• Recorded data
——————

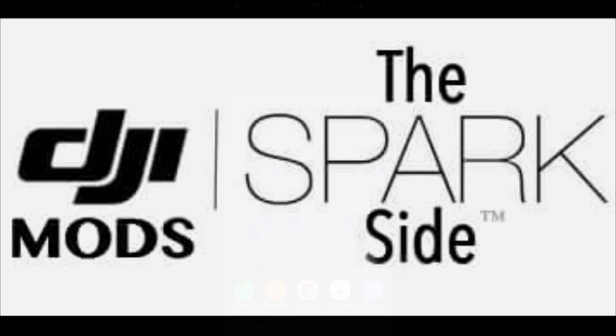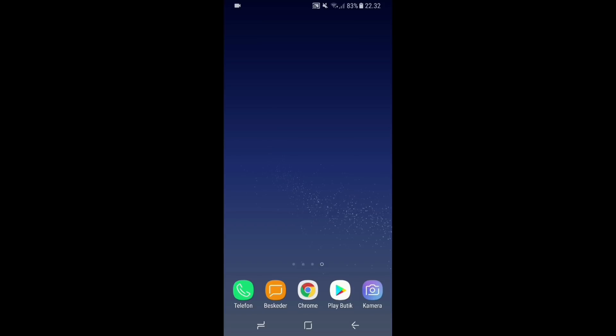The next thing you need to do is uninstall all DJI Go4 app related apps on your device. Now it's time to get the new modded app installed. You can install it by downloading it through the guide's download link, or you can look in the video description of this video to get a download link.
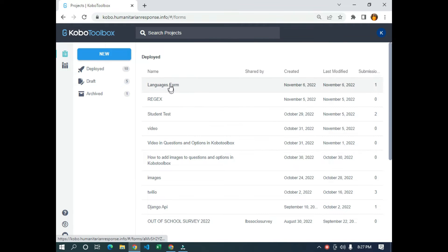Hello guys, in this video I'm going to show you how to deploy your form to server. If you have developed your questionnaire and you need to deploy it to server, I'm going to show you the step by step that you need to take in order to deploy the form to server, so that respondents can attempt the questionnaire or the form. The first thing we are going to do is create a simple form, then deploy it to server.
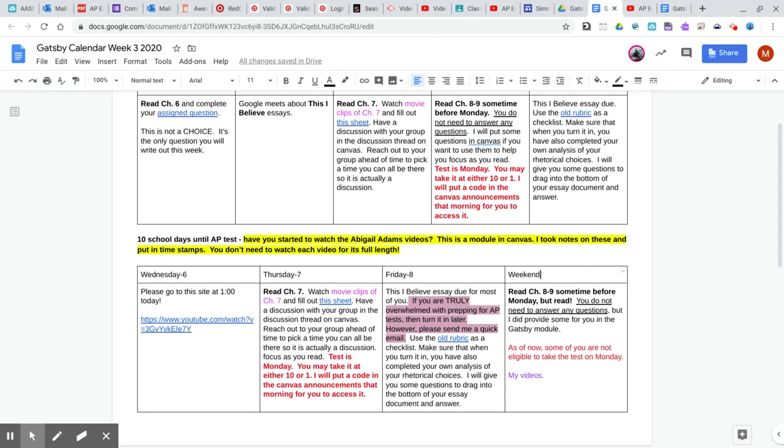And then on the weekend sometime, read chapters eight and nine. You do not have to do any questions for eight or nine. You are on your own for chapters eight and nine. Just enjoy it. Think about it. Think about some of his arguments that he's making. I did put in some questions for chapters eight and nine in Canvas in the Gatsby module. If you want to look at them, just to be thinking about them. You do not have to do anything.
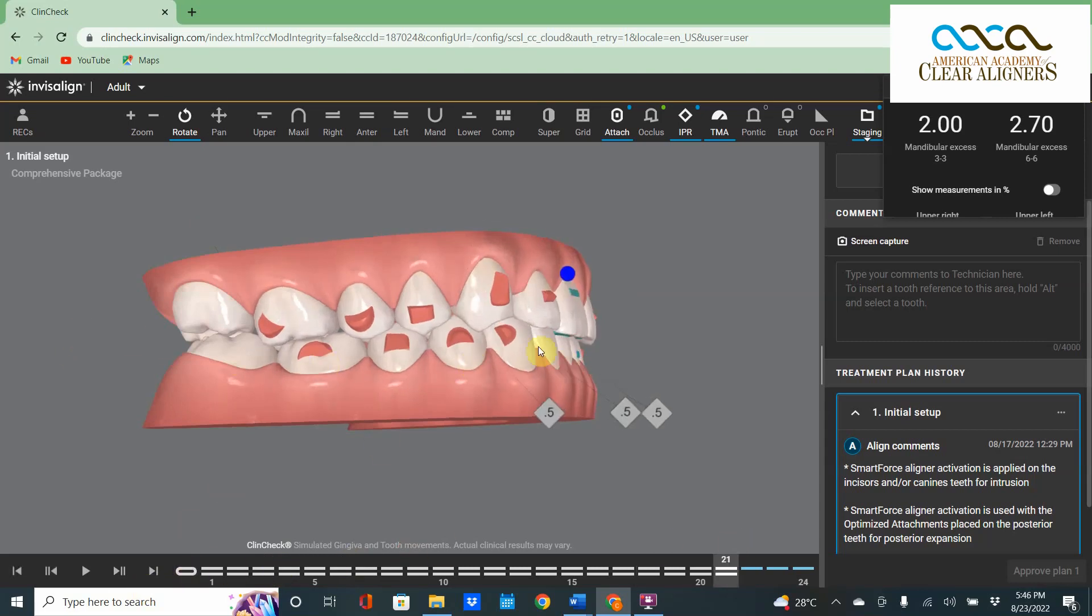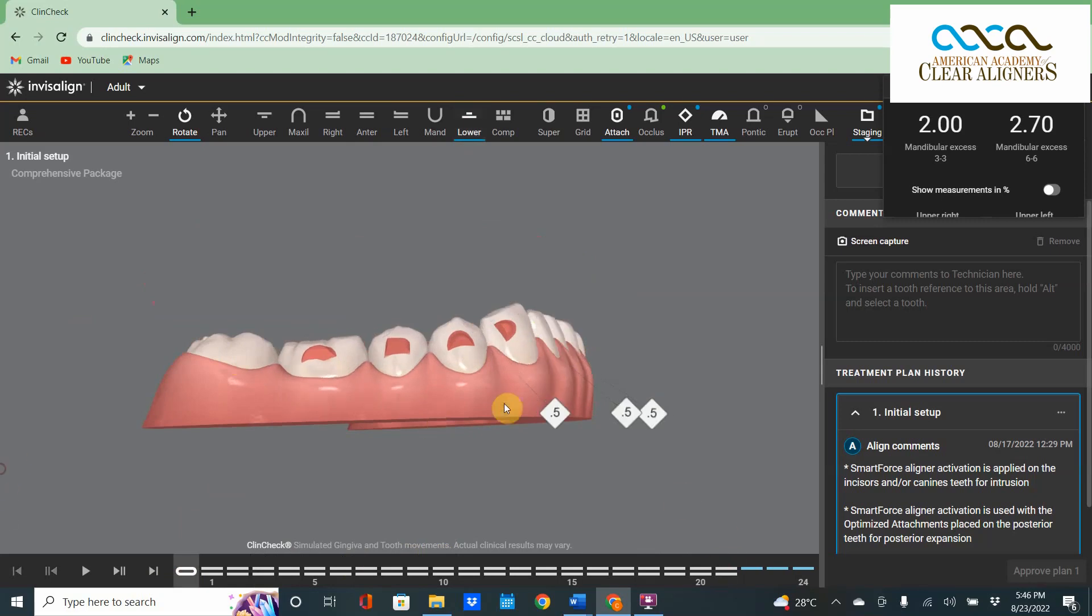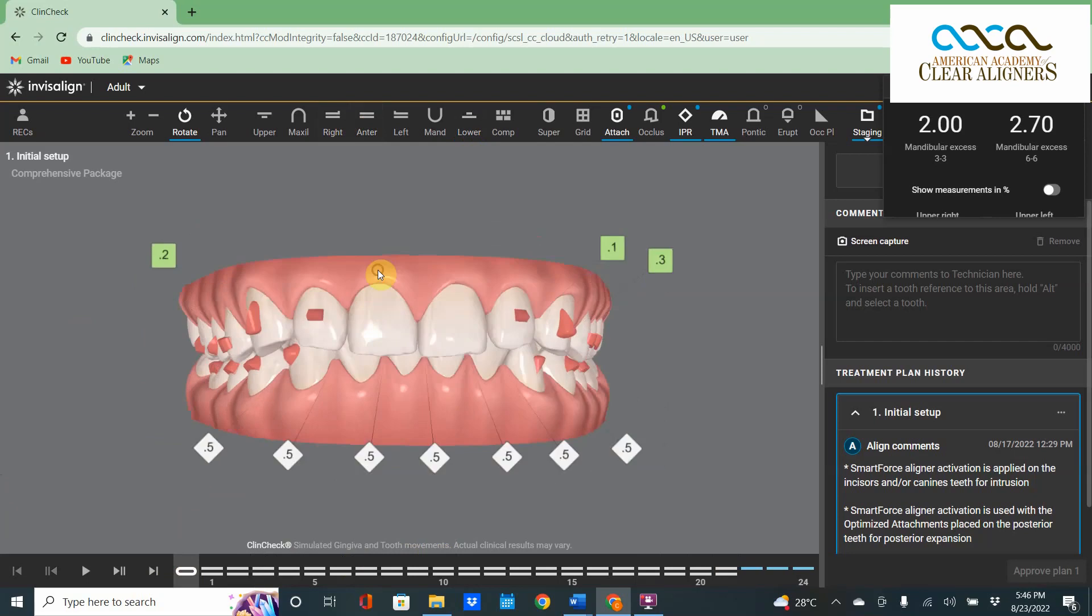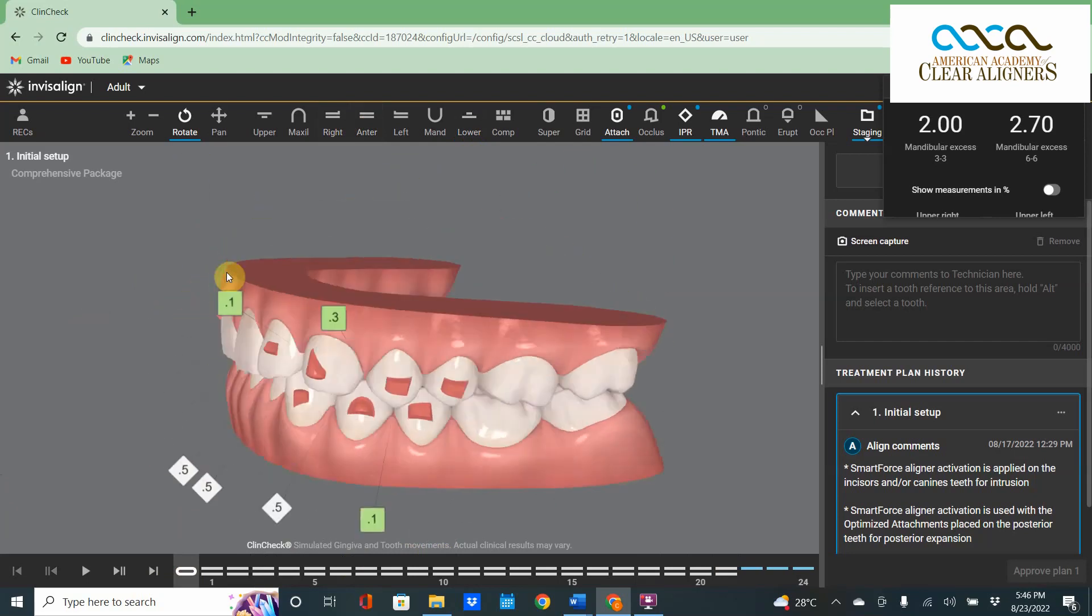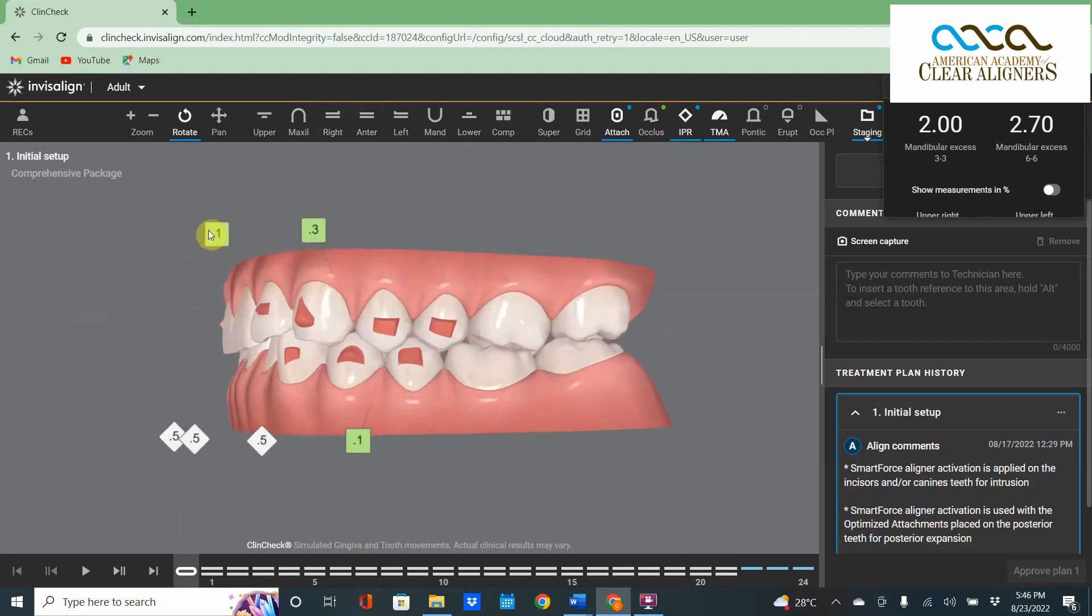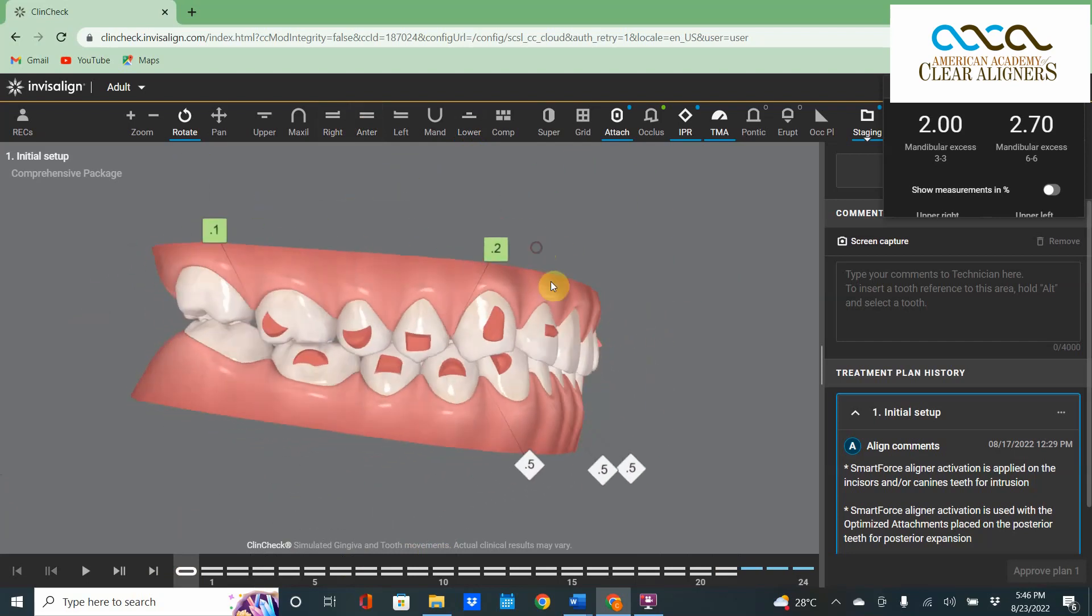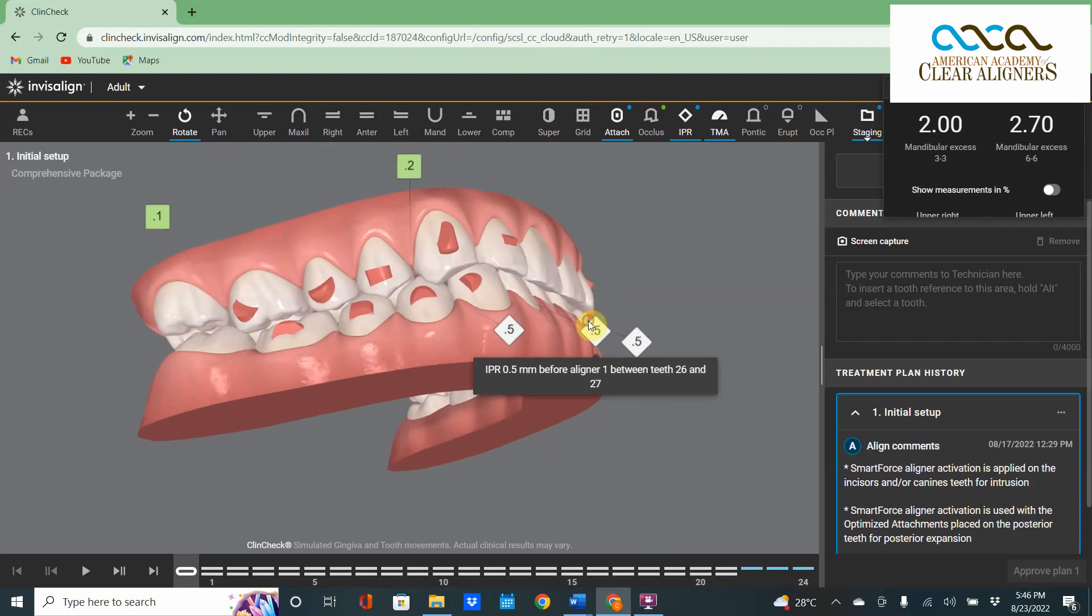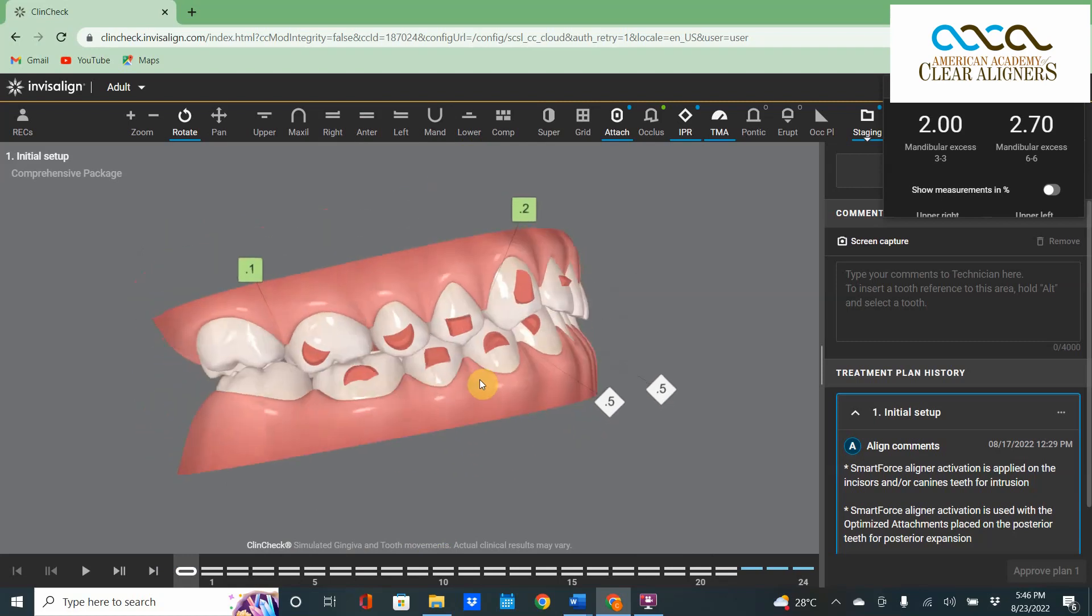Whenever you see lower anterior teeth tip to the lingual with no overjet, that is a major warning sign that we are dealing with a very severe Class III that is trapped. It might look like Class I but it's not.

——————

• Work task
Every line above should be transcribed word for word; leave the pictures out.

• Task result
The next thing you need to do is uninstall all DJI Go4 app related apps on your device. Now it's time to get the new modded app installed. You can install it by downloading it through the guide's download link, or you can look in the video description of this video to get a download link.
Hello guys, in this video I'm going to show you how to deploy your form to server. If you have developed your questionnaire and you need to deploy it to server, I'm going to show you the step by step that you need to take in order to deploy the form to server, so that respondents can attempt the questionnaire or the form. The first thing we are going to do is create a simple form, then deploy it to server.
And then on the weekend sometime, read chapters eight and nine. You do not have to do any questions for eight or nine. You are on your own for chapters eight and nine. Just enjoy it. Think about it. Think about some of his arguments that he's making. I did put in some questions for chapters eight and nine in Canvas in the Gatsby module. If you want to look at them, just to be thinking about them. You do not have to do anything.
Whenever you see lower anterior teeth tip to the lingual with no overjet, that is a major warning sign that we are dealing with a very severe Class III that is trapped. It might look like Class I but it's not.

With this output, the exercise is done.